## Work item
Please retype the data below in full.

## Records

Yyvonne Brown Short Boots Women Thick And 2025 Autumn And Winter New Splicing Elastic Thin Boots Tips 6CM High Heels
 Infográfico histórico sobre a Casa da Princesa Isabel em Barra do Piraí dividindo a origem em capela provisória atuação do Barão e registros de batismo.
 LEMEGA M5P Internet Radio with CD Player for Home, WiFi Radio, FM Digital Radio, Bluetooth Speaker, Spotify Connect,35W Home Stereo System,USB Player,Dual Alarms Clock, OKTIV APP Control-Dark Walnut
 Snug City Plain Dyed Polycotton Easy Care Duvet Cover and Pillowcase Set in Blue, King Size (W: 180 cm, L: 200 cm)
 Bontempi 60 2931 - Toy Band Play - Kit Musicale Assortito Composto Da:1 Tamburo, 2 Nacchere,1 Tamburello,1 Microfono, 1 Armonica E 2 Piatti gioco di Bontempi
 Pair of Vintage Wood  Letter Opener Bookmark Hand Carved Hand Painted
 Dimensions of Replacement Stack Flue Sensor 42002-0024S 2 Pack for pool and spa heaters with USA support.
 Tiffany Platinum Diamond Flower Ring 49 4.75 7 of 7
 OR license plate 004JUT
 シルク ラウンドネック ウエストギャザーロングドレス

## Task output
Yyvonne Brown Short Boots Women Thick And 2025 Autumn And Winter New Splicing Elastic Thin Boots Tips 6CM High Heels
 Infográfico histórico sobre a Casa da Princesa Isabel em Barra do Piraí dividindo a origem em capela provisória atuação do Barão e registros de batismo.
 LEMEGA M5P Internet Radio with CD Player for Home, WiFi Radio, FM Digital Radio, Bluetooth Speaker, Spotify Connect,35W Home Stereo System,USB Player,Dual Alarms Clock, OKTIV APP Control-Dark Walnut
 Snug City Plain Dyed Polycotton Easy Care Duvet Cover and Pillowcase Set in Blue, King Size (W: 180 cm, L: 200 cm)
 Bontempi 60 2931 - Toy Band Play - Kit Musicale Assortito Composto Da:1 Tamburo, 2 Nacchere,1 Tamburello,1 Microfono, 1 Armonica E 2 Piatti gioco di Bontempi
 Pair of Vintage Wood  Letter Opener Bookmark Hand Carved Hand Painted
 Dimensions of Replacement Stack Flue Sensor 42002-0024S 2 Pack for pool and spa heaters with USA support.
 Tiffany Platinum Diamond Flower Ring 49 4.75 7 of 7
 OR license plate 004JUT
 シルク ラウンドネック ウエストギャザーロングドレス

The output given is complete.